▶ Description of the task:
Using the listing below, retype only the lines from the line with "Avon Noel Christmas" through the end, both ends included, and exclude the pictures.

▶ Data shown:
--- START ---
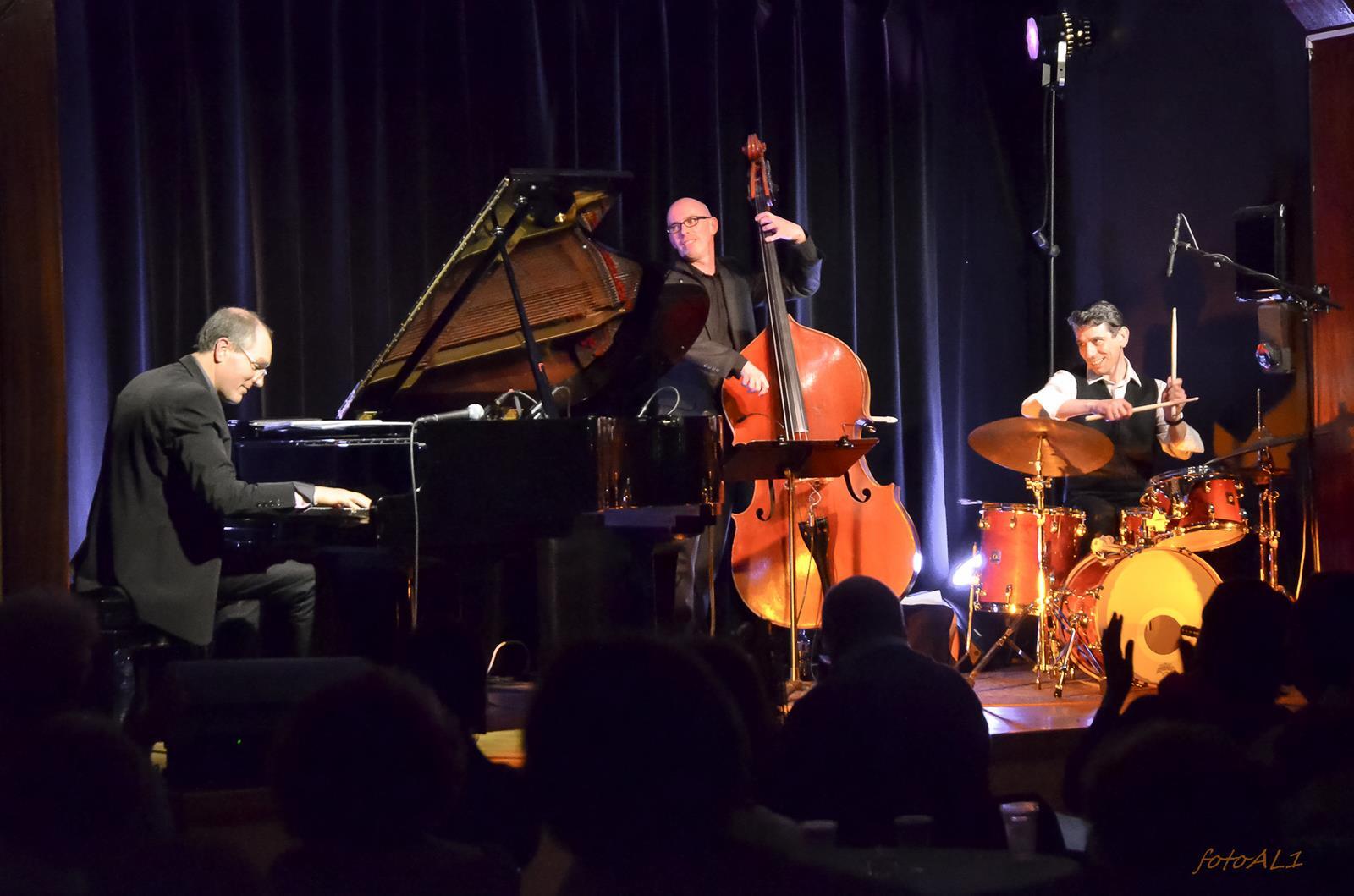 Antoine Hervier Trio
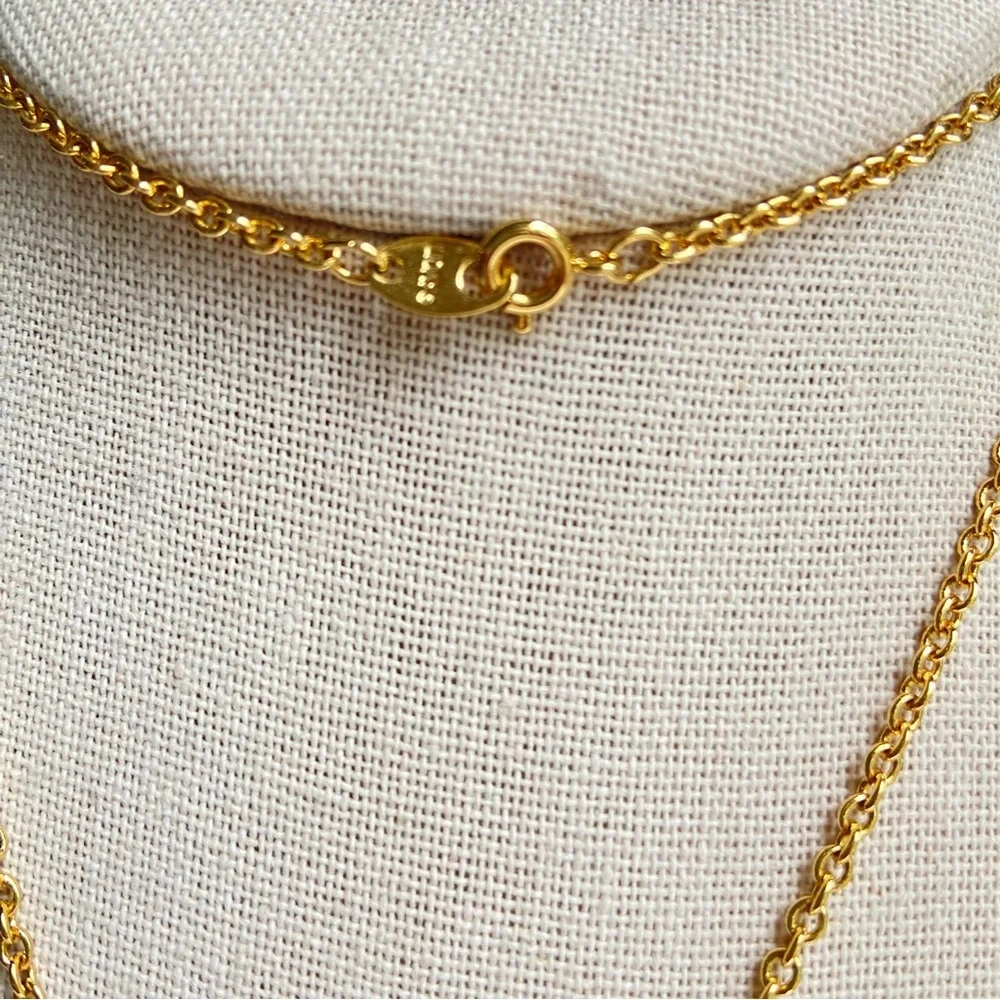 Avon Noel Christmas pendant necklace in goldtone with faux pearls and red enamel - Picture 7 of 10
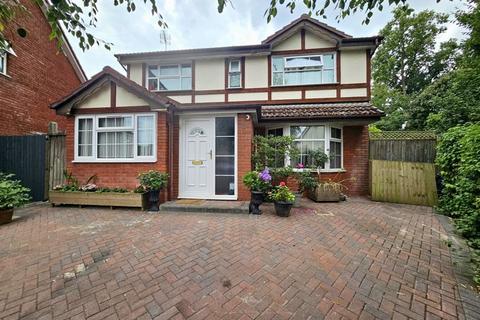 5 Tower Close, Barnwood, Gloucester, GL4 3EL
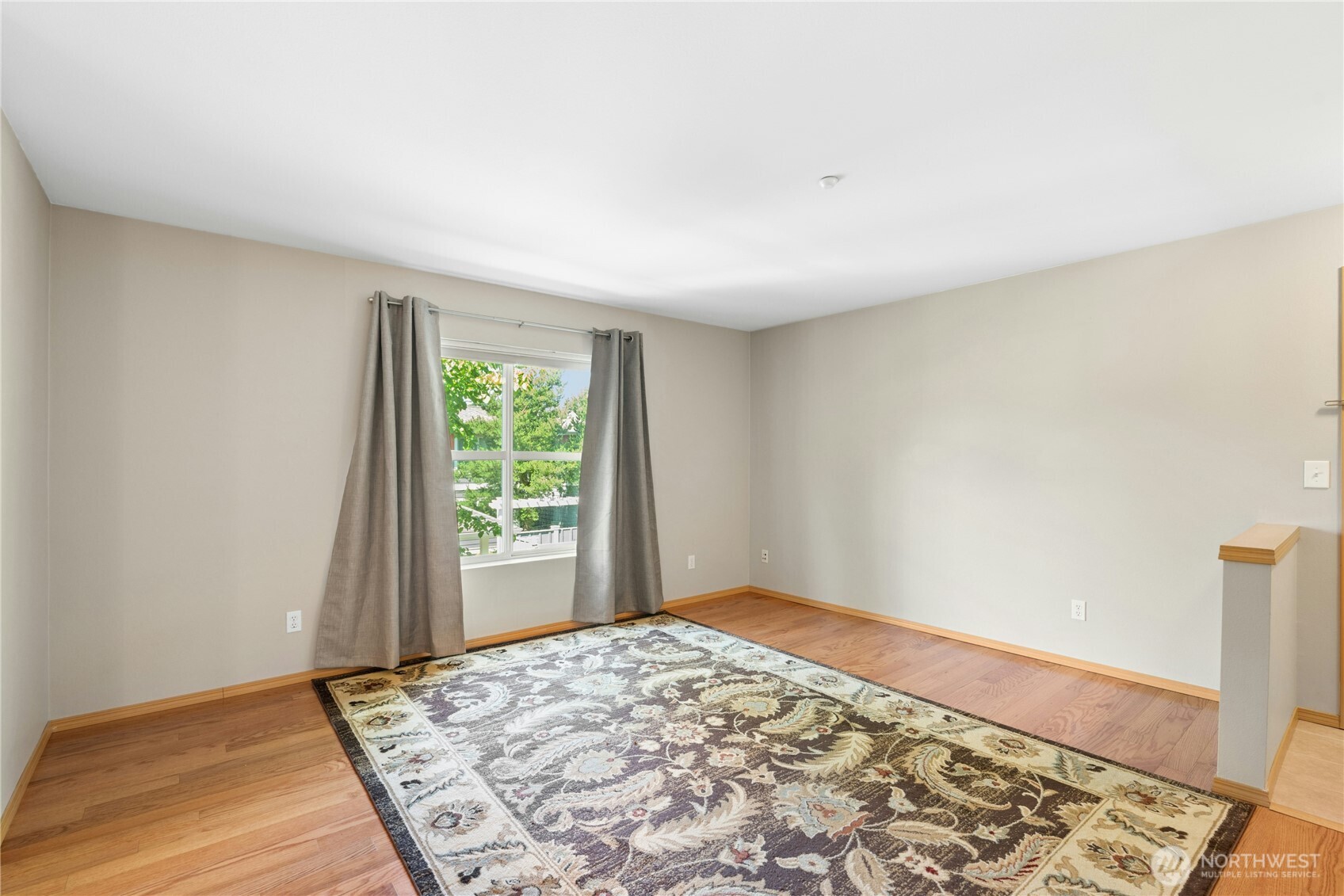 1652 25th Place 203 Property Photo 6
--- END ---
▶ Exercise answer:
 Avon Noel Christmas pendant necklace in goldtone with faux pearls and red enamel - Picture 7 of 10
 5 Tower Close, Barnwood, Gloucester, GL4 3EL
 1652 25th Place 203 Property Photo 6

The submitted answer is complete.